Tempted as she was to abuse Scotland Yard’s hospitality (and deep down, she felt they owed her a few meals), she held herself to a portion of shepherd’s pie and a pint of ale.

‘How goes the Danforth investigation?’ she asked.

‘There’s not much I can tell you,’ he said. ‘Not because I am withholding information, but because I really haven’t made any progress. Any luck on that Cambridge connection?’

‘We’re still looking into it,’ said Sparks. ‘We’ve eliminated more possibilities than we’ve discovered, unfortunately. I had what I thought was a thought yesterday, but it may only be a fever dream. But those go well with fire, don’t they?’

‘You know that by now I take your ideas seriously, Miss Sparks,’ said Parham.

‘Thank you,’ she said. ‘Not everyone does. Now, I’m not prying into anything subject to any confidentiality requirements. My questions are about the actual mechanics of the petrol bomb. Would those fall within the parameters of our unofficial relationship?’
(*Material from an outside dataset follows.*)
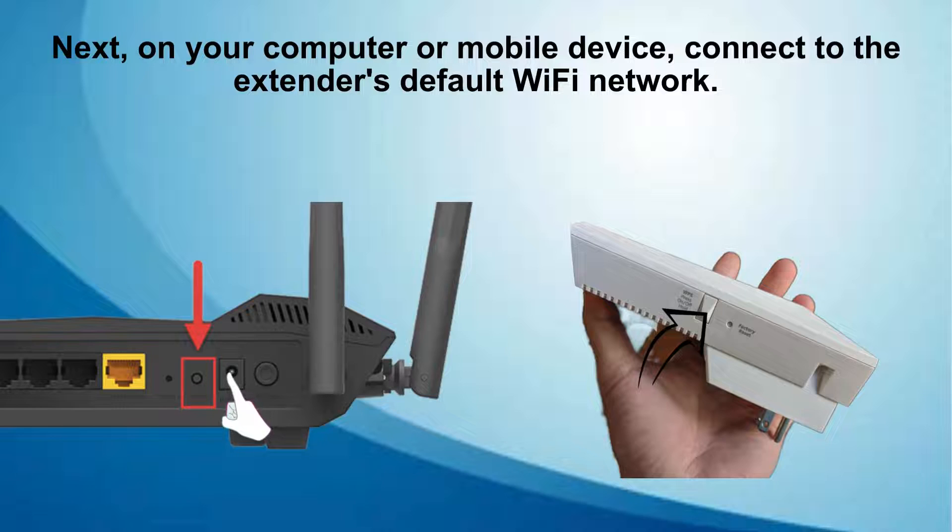To establish a connection using WPS, start by pressing the WPS button on your router. Within 2 minutes, press the WPS button on the EX6400 Wi-Fi extender. Wait for the LED indicator to illuminate solid green, confirming a successful connection between the devices.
‘Ask and I’ll make the determination upon hearing them.’

‘It seems to me there are two categories of how a petrol bomb can be used,’ she said. ‘Either it was already inside Mr Danforth’s flat when he arrived, or it came in through the window after he opened it. Would you agree?’

‘I would,’ he said.

‘If it was the first, then it would have been a booby trap and needed either a trigger of some kind to ignite it or a clockwork mechanism set to go off at a certain time,’ she said. ‘Given that Danforth’s arrival could not have been predicted, we can rule out the clockwork. Did the fire brigade find anything that looked like a tripwire connected to some form of igniter?’

‘There wasn’t much to find by the time the fire burned down,’ said Parham. ‘They found fragments of a bottle, but nothing that looked like the remains of an igniter. We also considered the possibility of a fuse dangling from the window and lit from below, but there were no scorch marks on the outer wall or ashes on the pavement underneath.’

‘How far from the window were the bottle fragments?’

‘Scattered about, which one would expect from an explosion, but the pattern suggests that it happened five or six feet from the window.’

‘That means it came in from the outside,’ she said, nodding. ‘He would have noticed it otherwise.’

‘We’re on the same page so far,’ said Parham.

‘The window was too high to reach from the street,’ she said. ‘Am I correct in concluding that you believe the bomb was thrown from the building across the way?’

‘That seems to be the best theory,’ he said.

‘I don’t like it,’ she said. ‘Have you ever thrown a full bottle of wine?’

‘I have not,’ he said. ‘Have you?’

‘It would be unlikely for undrunk wine to escape my grasp no matter how plastered I was,’ she said. ‘The roof of the building opposite Danforth’s flat was set back from the base, which means that a heavy, ungainly, flaming object would have had to be thrown accurately some thirty feet through an open window. That would take an excellent arm. When you catch the fellow, send him to the Marylebone Cricket Club. They need a decent bowler right now.’

‘We’ll see if the fellow’s arm is still good after he serves twenty years,’ said Parham.

‘Nevertheless, I don’t think that’s how anyone would firebomb a flat,’ said Sparks.

‘Nevertheless, the flat was firebombed,’ said Parham. ‘And that seems the most likely method.’

‘Did you find any indications that someone had been on the opposite rooftop?’

‘No. The only fingerprints on the door leading to the roof belonged to the caretaker, and he was listening to the radio with his family when it happened. So whoever was on the opposite rooftop wore gloves.’